Given entries ▸
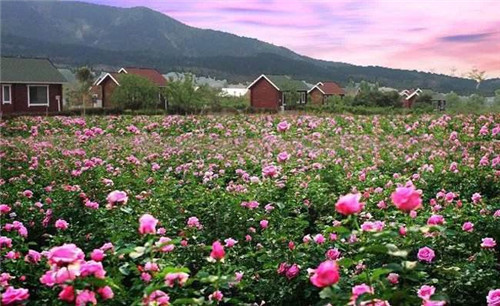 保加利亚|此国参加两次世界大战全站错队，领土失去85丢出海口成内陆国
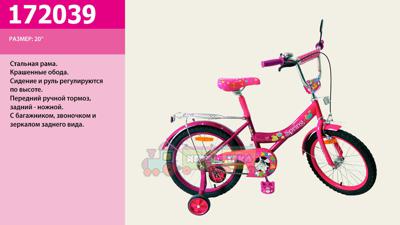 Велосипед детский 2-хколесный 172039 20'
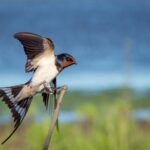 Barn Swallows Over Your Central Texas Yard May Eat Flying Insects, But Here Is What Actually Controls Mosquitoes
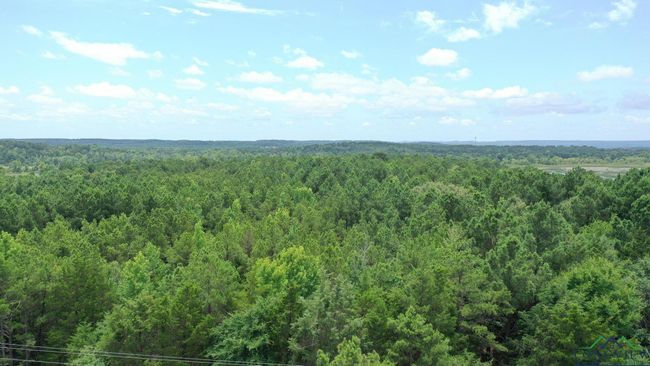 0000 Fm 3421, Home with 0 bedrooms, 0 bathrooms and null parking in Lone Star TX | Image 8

---

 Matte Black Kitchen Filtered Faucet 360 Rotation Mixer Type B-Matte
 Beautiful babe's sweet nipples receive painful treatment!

---

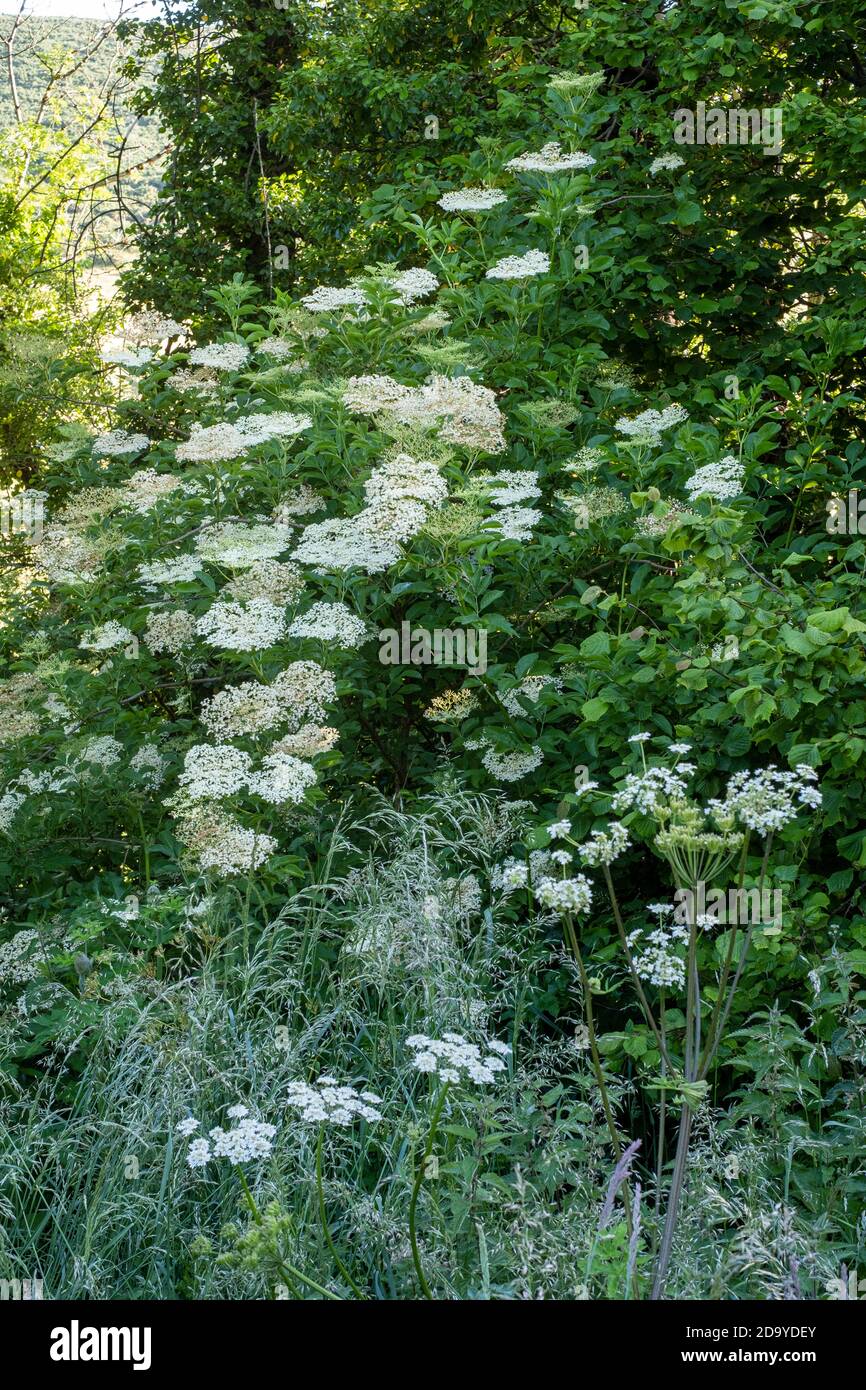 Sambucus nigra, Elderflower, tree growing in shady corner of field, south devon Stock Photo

What is needed ▸ Range to copy from the records above: the line containing "Barn Swallows Over" to the line containing "0000 Fm 3421, Home", both included. Output those lines exactly and only those, skipping pictures.

Result of the exercise ▸
 Barn Swallows Over Your Central Texas Yard May Eat Flying Insects, But Here Is What Actually Controls Mosquitoes
 0000 Fm 3421, Home with 0 bedrooms, 0 bathrooms and null parking in Lone Star TX | Image 8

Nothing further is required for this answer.